Sadly, humans aren’t the only ones affected by sexually transmitted Chlamydiae. Chlamydia pecorum is devastating wild koalas in Australia. Chlamydia has reached epidemic proportions among koalas, and some populations have an infection rate of 90 percent! Koalas are currently considered a threatened species, and some worry that they are at risk for extinction — not only in the face of chlamydia, but also as a result of urban development, as koalas are pushed off their land or struck by cars.

Because koalas can’t be taught to use condoms — unlike humans! — Australian scientists are working hard to produce a vaccine that will protect them from chlamydia. And, who knows, that vaccine might provide a basis for a human version!

Image: National Institute of Biomedical Imaging and Bioengineering

Neisseria gonorrhoeae: the bacteria that cause gonorrhea

Last, but definitely not least, is Neisseria gonorrhoeae, which are bacteria that can infect the mouth, throat, rectum, urethra, cervix, and even eyes.

Gonococci, as these bacteria are called, have an appendage that is akin to a grappling hook — it attaches to a surface and then retracts, pulling the bacterium into contact with the host cell, to which it can easily adhere. These retractile appendages, which are usually bundled together for extra strength, can pull 100,000 times the weight of the bacterium, making N. gonorrhoeae among the strongest living organisms — proportionally, it is the equivalent of a human lifting 10,000 tons. The bacteria collectively use their strong pili to pull on the host cell’s surface and invade it — where the gonococci are able to hide from the immune system.

Additionally, gonococci have been performing some genetic gymnastics lately to defeat almost every drug we’ve thrown at it. We douse it with certain antibiotics, and the bacterium literally spits them back out at us, and it inactivates other drugs by snapping the active molecules in half. Gonococci have a knack for swapping genes with living microbes, as well as scavenging DNA from dead microbes, and incorporating the genes into their own genomes. And, as gonococci have amassed a collection of antibiotic-resistance genes over the decades, gonorrhea is becoming more and more difficult to treat. Some health officials worry that, in time, many cases of gonorrhea could be incurable.


Sexuality is taboo in our culture. Most of us would be embarrassed to talk about a pharyngeal gonorrhea infection, but wouldn’t blink at mention of a case of strep throat. Some people are so affected by this cultural stigma that they avoid STD screening — sometimes even in the face of symptoms, hoping that if they ignore them, they’ll go away. This fear or embarrassment can make it difficult for people to talk to their partners about their sexual history or practicing safer sex. And practicing safer sex is important: With the consistent and correct use of condoms, your risk of transmitting or catching syphilis, chlamydia, or gonorrhea plummets!

So why am I presenting a bunch of STDs as a compilation of fun facts?
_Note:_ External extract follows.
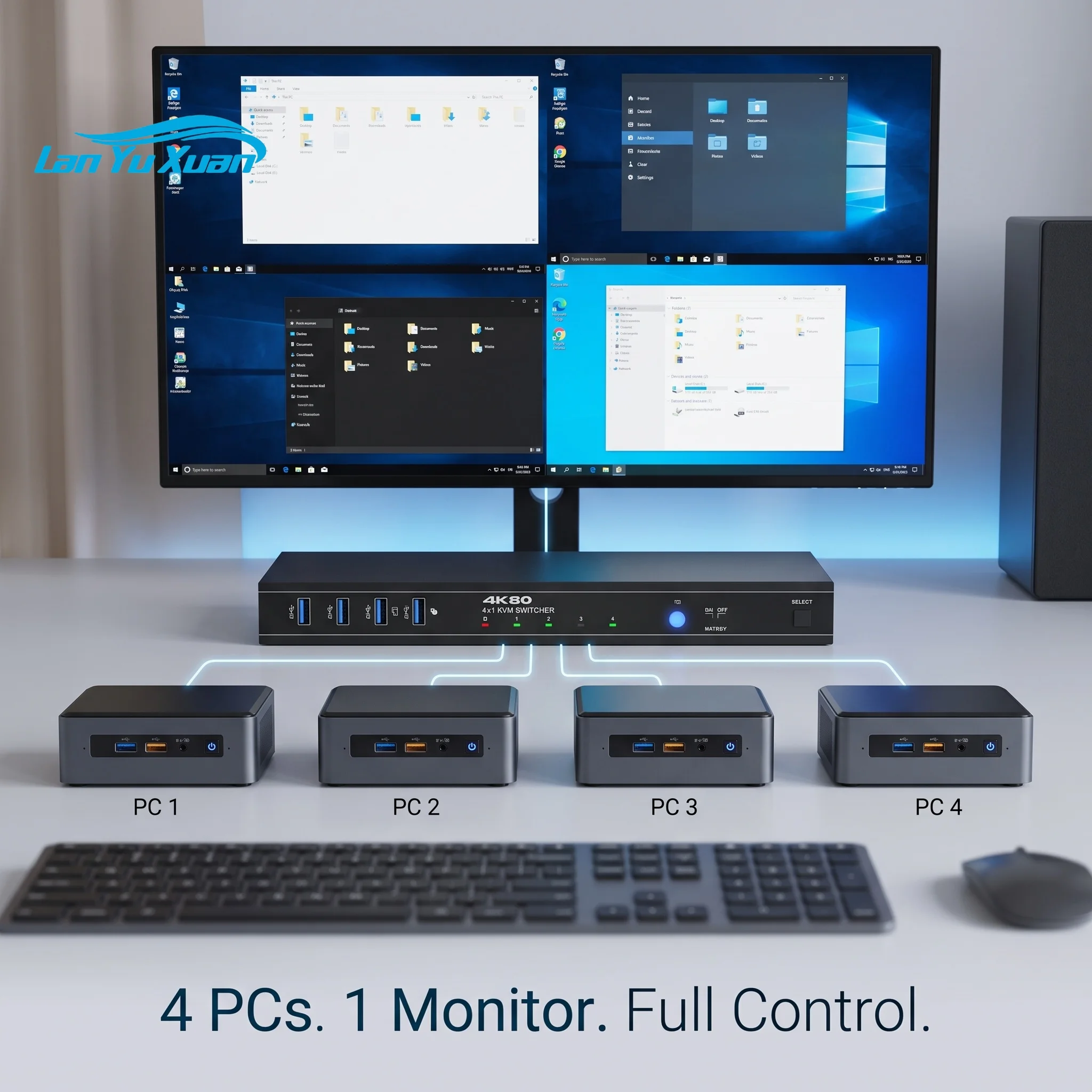 PINWEI 4K60 4-Port DP KVM Switch 4 to 1 Monitors, DP1.4a KVM Switcher USB 3.0 5Gbps 4 to 1 Monitor, Plug & Play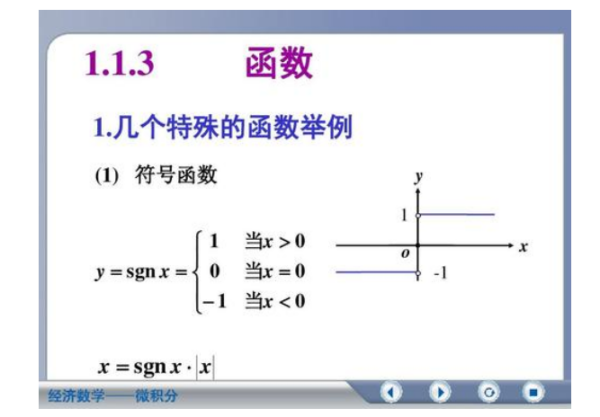 sgn是什么东西？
It might seem flippant, but I’m hoping to show that sexually transmitted infections, just like any other infection, has a pathogen behind it: a virus, a bacteria, or some other microscopic organism — and these organisms can be fascinating! If I can get people talking about these kinds of “fun facts,” then maybe I can help them get one step closer to talking about STD screening with their partners without embarrassment. If knowing that cute and cuddly koalas can get chlamydia helps you get tested, then I’ve done my job.